> **TASK TO CARRY OUT**:
Below are the records. Retype exactly the lines between the lines holding "2019 Ford Everest Trend UA II 2.0L" and "ArtLoftGalleryPalermo - Apartamento", inclusive.

> **ENTRIES SUPPLIED**:
=== Begin Enclosure ===
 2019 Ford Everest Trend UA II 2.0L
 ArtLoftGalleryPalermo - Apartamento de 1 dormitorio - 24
=== End Enclosure ===
=== Begin Enclosure ===
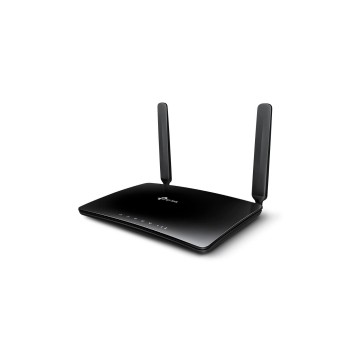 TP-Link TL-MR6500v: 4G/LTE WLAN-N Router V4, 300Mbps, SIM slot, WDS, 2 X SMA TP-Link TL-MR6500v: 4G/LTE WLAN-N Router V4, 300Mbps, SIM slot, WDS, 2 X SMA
=== End Enclosure ===
> **OUTPUT BELOW**:
 2019 Ford Everest Trend UA II 2.0L
 ArtLoftGalleryPalermo - Apartamento de 1 dormitorio - 24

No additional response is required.